Un secolo per "bambini", nel design, nell'arte e nei libri di tutto il Novecento
Che
i bambini siano diversi dagli adulti, e non macchine da produzione
seriale o "grandi" in miniatura, lo si è scoperto recentemente, non più
di cent'anni fa si potrebbe quasi dire. "Century of the Child: Growing
by Design, 1900-2000", è la grande mostra che sarà aperta fino al
prossimo novembre al MoMA di New York, e che indaga come è cambiato il
pensiero nei confronti dei più piccoli, dell'educazione, del tempo
libero e della cultura, nell'arco del Novecento, e come sono stati
traslate queste modificazioni sociali attraverso l'arte e il design. In
scena circa 500 oggetti, tra cui mobili, giocattoli, giochi, manifesti,
libri e molto altro ancora.
Juliet Kinchin, curatore del MoMA per la sezione architettura e
progettazione, che ha organizzato la mostra con Aidan O'Connor è partita
dalla constatazione che nessun periodo della storia umana ha
"osservato" una preoccupazione per la figura dei bambini come il 20esimo
secolo.
Anche se poi, anche in questo caso, si tratta di una storia di
paradossi. L'educazione ha fatto spesso rima con controllo, il controllo
ha fatto seguito a un'eccessiva responsabilizzazione, e poco ci si è
chiesti nel corso del secolo di che cosa i bambini avessero bisogno per
diventare membri effettivi della società. Giocando sul tema, in maniera
molto seria, la curatrice ha diviso la mostra in sette tematiche, in
ordine cronologico, ognuna delle quali racconta un "ideale" percorso
nella formazione dei nuovi adulti attraverso il mondo del design e degli
oggetti: dal razionalismo dei programmi educativi che usavano anche kit
didattici pieni di oggetti di varia forma fino alla pittura, in cui il
bambino era considerato, alla stregua dei pazzi, come l'unico "libero"

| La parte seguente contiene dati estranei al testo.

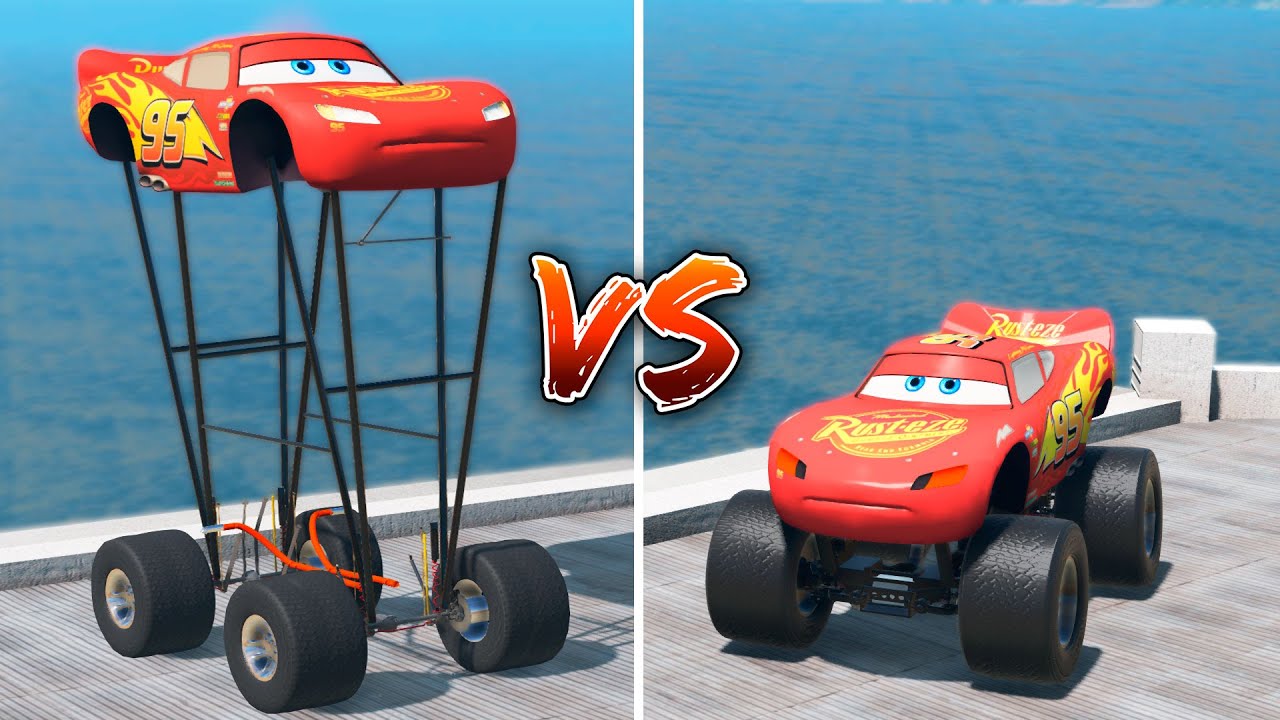 Long Monster Truck Lightning Mcqueen VS Monster Truck Lightning Mcqueen - which is best?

presente sulla terra, esseri che hanno bisogno di esprimere i loro
impulsi ed immaginazioni, non sempre allineati con gli adulti e i
modelli borghesi di comportamento. E poi modelli per mobili per i più
piccoli di Giacomo Balla, sedie e scrivanie in versione ridotta firmate
dagli artisti di De Stijl, anche se non manca una "rassegna" sugli
orrori della guerra, con documenti sui piccoli soldati tedeschi e
giapponesi, soprattutto.
Poi il consumismo e il bambino con bisogni e desideri che nemmeno
sapeva di avere prima del loro innesco da parte dei media, fino ai
costumi da astronauti, le pistole degli anni '60 e il Game Boy di
Nintendo del 1989, in uno stuolo di progetti e oggetti che hanno
talvolta anche "saccheggiato" la fantasia infantile per alzare i trend
di mercato.
La mostra chiude con una nota dolente: una breve sezione su campi
da gioco, che include un modello realizzato dello scultore Isamu
Noguchi, celebrità a New York, del 1961. Ai progettisti si richiede
sicurezza a livelli tali che ai bambini sono negate le libertà di
esplorare e testare le proprie abilità, con uno spazio di "rischi"
ridotto al minimo e una tutela da "campana di vetro" che ha fatto sì che
la virtualità abbia trovato il suo campo più fertile proprio
nell'infanzia. Ora si accende la sfida per i progettisti del XXI secolo.
In una mostra didattica, molto più per i genitori che per i figli.